Perhaps it’s all the politics in the news, or perhaps it’s the very long nights of January, but death comes to mind during the winter. One of the enduring preoccupations of religion is the issue of death. Christianities teach of wonderful rewards or horrendous punishments after the sloughing off of this mortal coil. Many eastern religions suggest the even scarier idea of reincarnation—we are doomed to repeat this sideshow over and over until we get it right. Since the universe has billions of years to go, that’s plenty of time for errors. When we finally depart, however, we leave our loved ones with the dilemma of how to handle our remains. Burial goes back to the Paleolithic Era—simple, effective, little fuss. Nature reclaims what we have borrowed for a century or less. This is the preferred Christian end, for, believing in the resurrection of the body, a body must remain. In some form. Other religions, noting the cleansing power of fire, prefer cremation. Those original Zoroastrians still prefer exposure of the dead to carnivores. It is, however, generally our religion that dictates our final disposal.

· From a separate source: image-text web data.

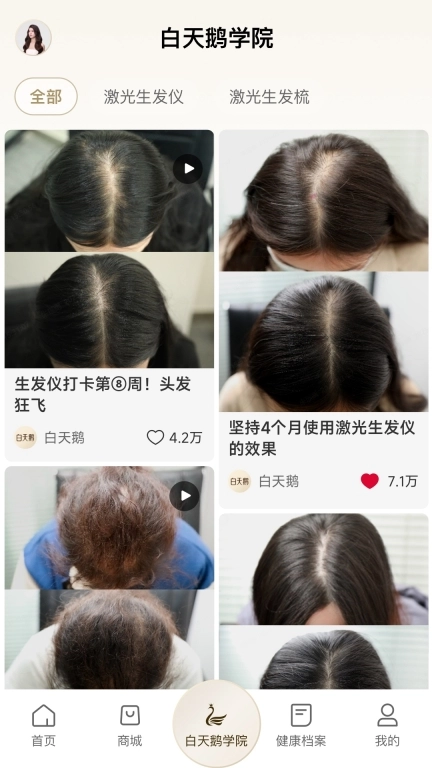 白天鹅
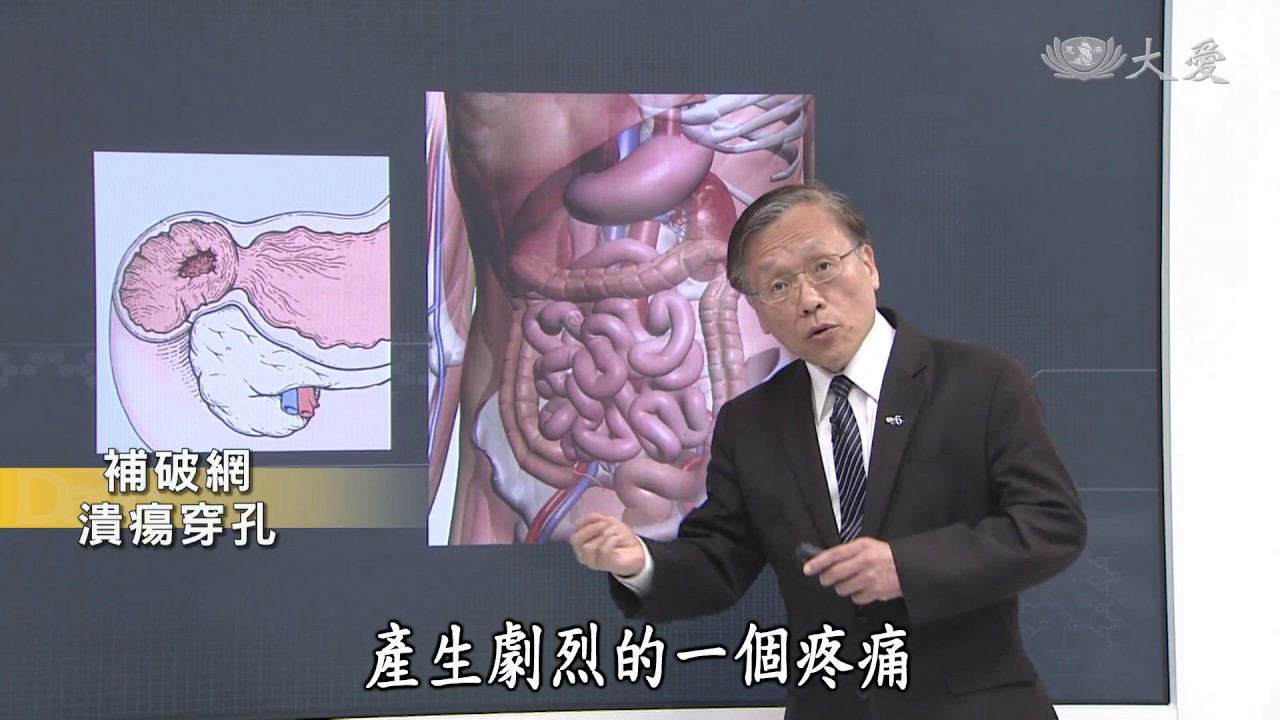 【大愛醫生館】20180816 - 補破網 潰瘍穿孔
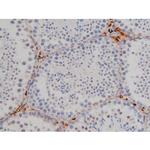 Phospho-Lyn (Tyr508) Antibody in Immunohistochemistry (Paraffin) (IHC (P))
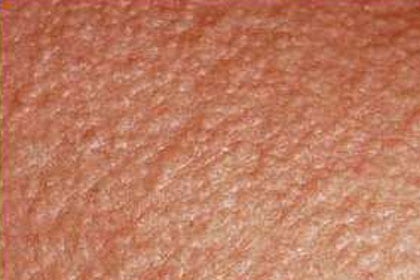 Skin Emergency: Heat Rash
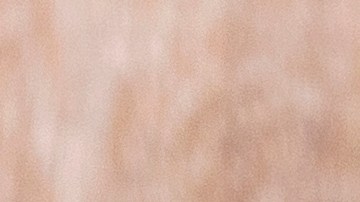 La avena suele ser recomendada como remedio casero para calmar manifestaciones de la piel, como prurito, sarpullido y otras reacciones.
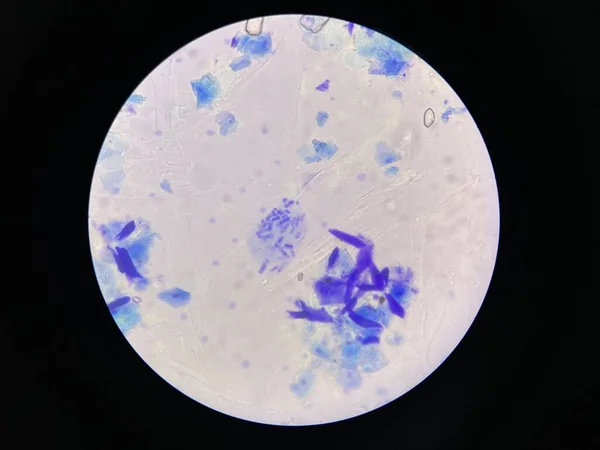 単純な汚れを有する炎症性細胞および細菌の顕微鏡的な眺め — ストック写真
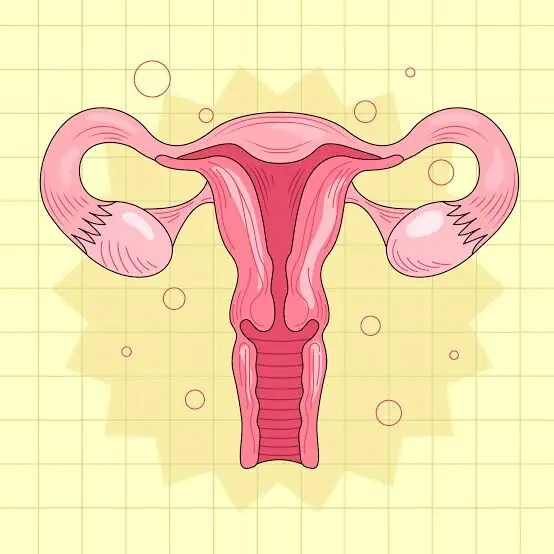 اختلال کف لگن باعث ناباروری میشود؟
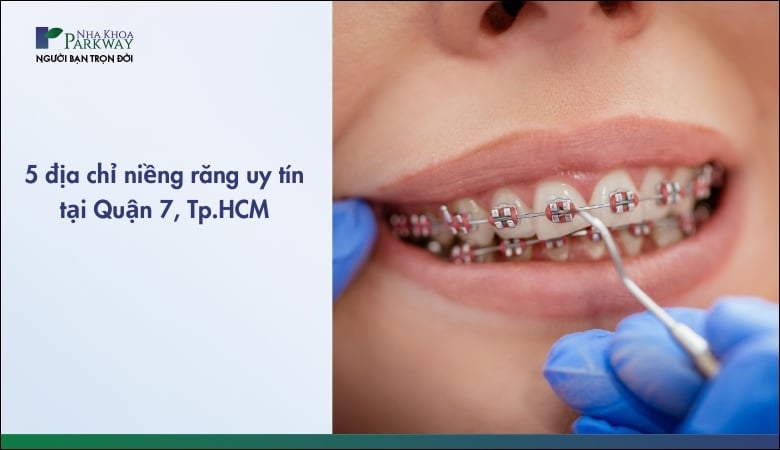 Địa chỉ niềng răng uy tín Quận 7 - 1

Enter the entrepreneur. The corpse becomes a commodity. You’ve got a problem and you’ll pay well for a satisfying solution. Some years back I saw ads for a company with the scientific, yet romantic concept that, as carbon, our corpses could be pressurized into diamonds. It is a costly procedure, but you could wear your beloved around your neck or on your finger as a chunk of the hardest substance on earth. A few weeks ago I found a more affordable solution on the website of Holy Smoke. Once you have made the decision to go with cremation, what do you want to do with that urn of ashes? Holy Smoke offers a solution: you can have your loved one’s remains loaded into ammunition shells. Taking care to handle the ash with profound respect, Holy Smoke will place the remains into either rifle or shotgun shells (one pound of human ash fills about 250 shotgun shells). You can then be shot toward eternity by loving relatives at their convenience. Gunpowder-propelled toward Heaven itself. Holy Smoke is located in Alabama.
The problem of human remains is perhaps the most religious one of all. Our faiths give us the hermeneutic we need to face that great portal. As we consider the number of useless deaths brought on by Bush’s personal war in the Middle East, a kind of macabre closure can be seen through the smoke. After all, the NRA endorses the Republican Party. So does the Religious Right (unless, of course, they nominate a Mormon). Perhaps if we loaded our guns with our dead instead of live ammunition, the symbolism might finally hit its target. Holy Smoke could be offering a valuable service here to be shared between religious enemies. Instead of the kiss of peace, well, use your imagination. Perhaps it’s the very long nights of January, or perhaps it’s all the politics in the news.